- WHAT YOU ARE ASKED TO DO
Each line of the listing must be transcribed exactly, except for the images, which should be excluded.

- INFORMATION SUPPLIED
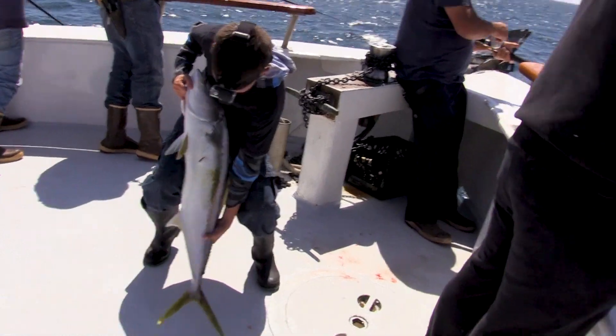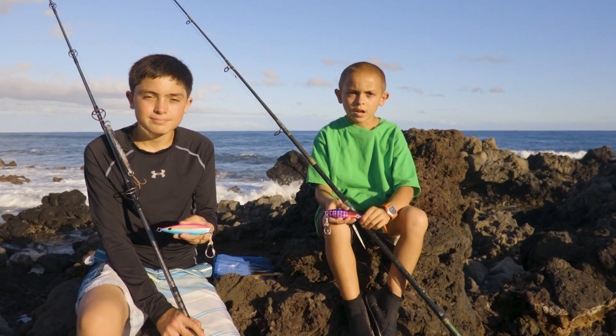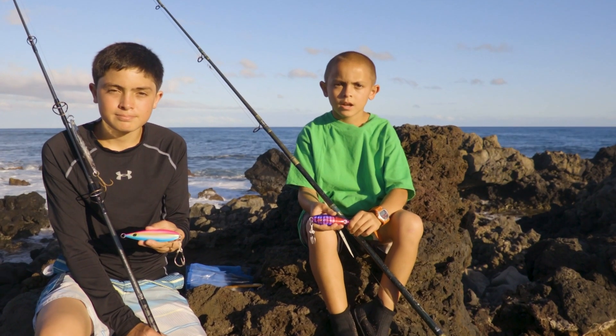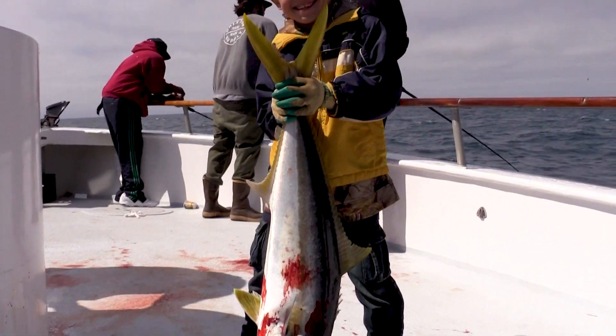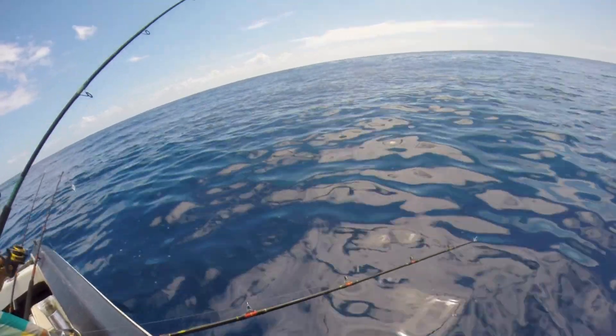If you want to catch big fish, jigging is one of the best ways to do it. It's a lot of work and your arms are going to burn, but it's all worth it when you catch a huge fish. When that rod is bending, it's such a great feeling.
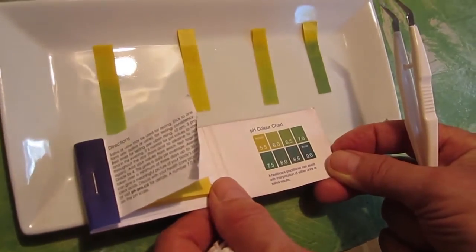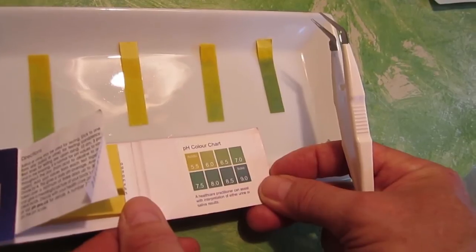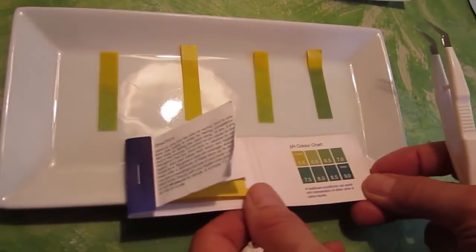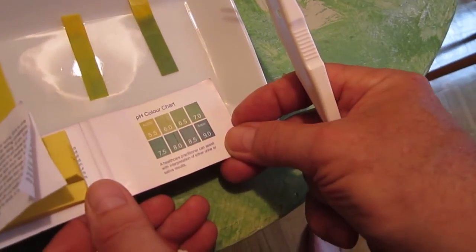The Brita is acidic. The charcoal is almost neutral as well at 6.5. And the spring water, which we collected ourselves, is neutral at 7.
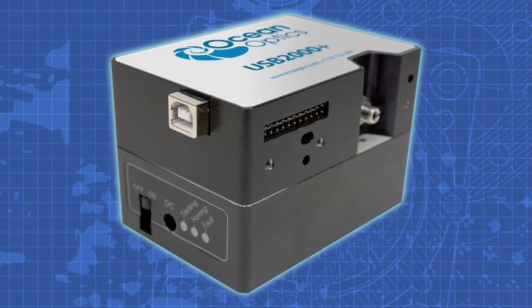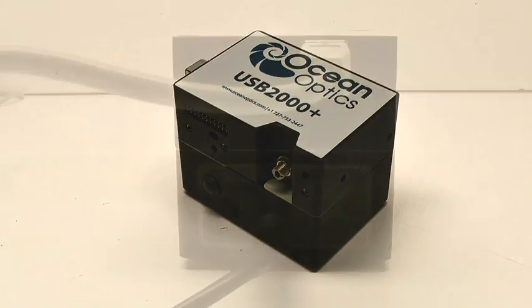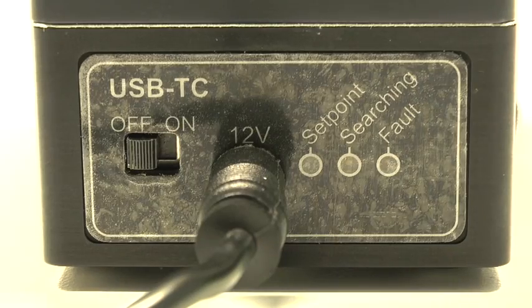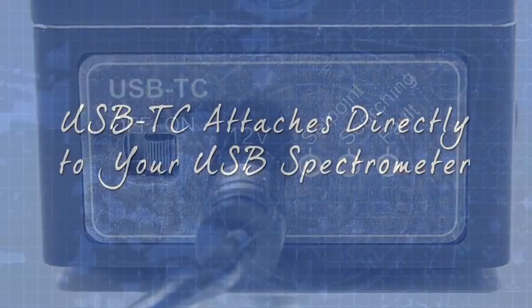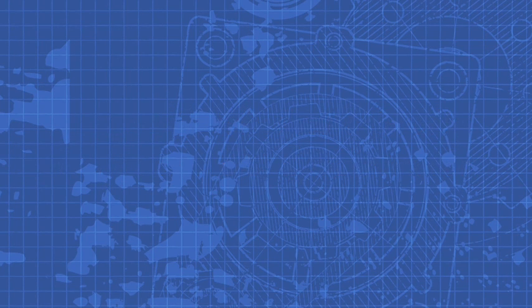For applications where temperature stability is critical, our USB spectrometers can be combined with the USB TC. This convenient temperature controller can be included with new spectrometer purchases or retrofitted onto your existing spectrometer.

- EXERCISE SOLUTION
If you want to catch big fish, jigging is one of the best ways to do it. It's a lot of work and your arms are going to burn, but it's all worth it when you catch a huge fish. When that rod is bending, it's such a great feeling.
The Brita is acidic. The charcoal is almost neutral as well at 6.5. And the spring water, which we collected ourselves, is neutral at 7.
For applications where temperature stability is critical, our USB spectrometers can be combined with the USB TC. This convenient temperature controller can be included with new spectrometer purchases or retrofitted onto your existing spectrometer.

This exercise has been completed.